### [Available data]
----

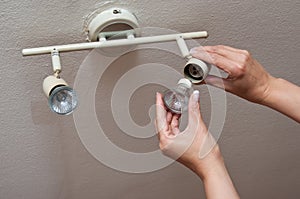 Woman changing a Light Bulb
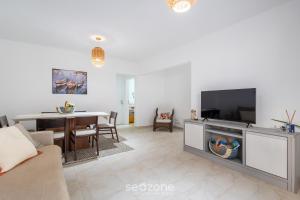 a living room with a couch and a tv and a table at Apto c/ Churrasqueira a 230 m da Praia SHA0104 in Piçarras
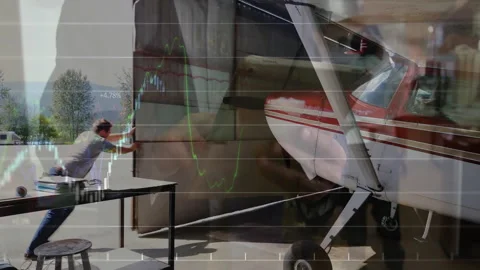 Operator pushing hangar open to tarmac, pilot checking plane controls with live Stock Footage 308100534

----

Retype, word for word, only the lines from the line with "a living room" to the final line of the listing above; the pictures do not belong in the copy.

 a living room with a couch and a tv and a table at Apto c/ Churrasqueira a 230 m da Praia SHA0104 in Piçarras
 Operator pushing hangar open to tarmac, pilot checking plane controls with live Stock Footage 308100534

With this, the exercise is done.